After a brief resistance—this is his mind the Doctor is forcing his way into—Jack relaxes. Just trust me. He shuts his eyes. He does.

Then he’s sharing his thoughts with the man he’s loved for so many years and it’s warm and comforting but also swift and almost predatory. The Doctor is searching, rummaging through his mind like a conman through valuables, and Jack isn’t sure what he’s looking for. Then memories flash up, quick, like a malfunctioning slideshow, and they make his skin prickle, his head dizzy, and he can’t remember to be wary.

The slideshow runs.

The Master grinning with the laser screwdriver, pain in his chest, the gasp for life, blackness, his chest again, a shattering pain in his kneecaps, quicksand with Rose as his Doctor— the old Doctor—offers them a branch, holding Rose in his arms atop a warship in front of Big Ben, dancing with the Doctor, the army of gas-masked monsters, Taylor—bloodied and raw—screaming in agony, the first man he killed, his first drink, his first shag—both of them, Ianto, Gwen, Ianto again, that Cyberwoman, the Battle of Canary Wharf, Daleks in the sky, Toclefane, and more of the Master, so much more of the Master, and he’s staggering back into existence over and over again, shot by some idiot, by Suzie, by his team, getting trampled, falling before Asmodeus, before the Master. He gasps, his body spasms, and—

And he feels perfectly fine.

At some point his eyes drifted shut and now they snap open, staring at the Doctor. Slowly, the Time Lord pulls his wizened hands away. His brown eyes are calm, rimmed in wrinkles and shadow.

And Jack feels perfectly fine, like he could flounce across the room, like he has slept and only missed one meal and he could dance with the Doctor or chase down a Weevil if he really wanted to.

“Thank you,” he says, his voice hoarse, and his throat doesn’t even feel thick.

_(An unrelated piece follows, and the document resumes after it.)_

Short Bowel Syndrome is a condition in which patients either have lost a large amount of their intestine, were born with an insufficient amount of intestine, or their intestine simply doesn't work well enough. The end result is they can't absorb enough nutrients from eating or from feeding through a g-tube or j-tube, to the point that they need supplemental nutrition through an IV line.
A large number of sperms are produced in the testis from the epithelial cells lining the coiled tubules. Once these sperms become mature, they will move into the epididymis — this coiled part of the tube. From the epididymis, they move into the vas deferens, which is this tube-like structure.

The Doctor does not respond. With the door slamming, predictably, open, he allows his legs to fail him and falls onto his calves. Then guards have grabbed him and pulled him up and shoved a wheelchair under him and others are ferrying Jack around but he’s able to stand up strong now. He even pulls his arms away from his captors once, twice, elbows one man in the face and almost knees another in the groin.

Because now he can.

Then both of them are being dragged out of the room and there’s the Master, grinning, humming with energy that only comes with a madman’s fury. “Ooh, never should’ve left you two lovebirds alone together, naughty naughty! And here I thought I could trust an old man and a freak not to bond. Honestly, it’s like Gallifreyan porn without Romana! Gorgeous figure on her, or used to be before the War. Last form I saw was so old and wrinkled, almost as bad as you! ‘Course you killed her then.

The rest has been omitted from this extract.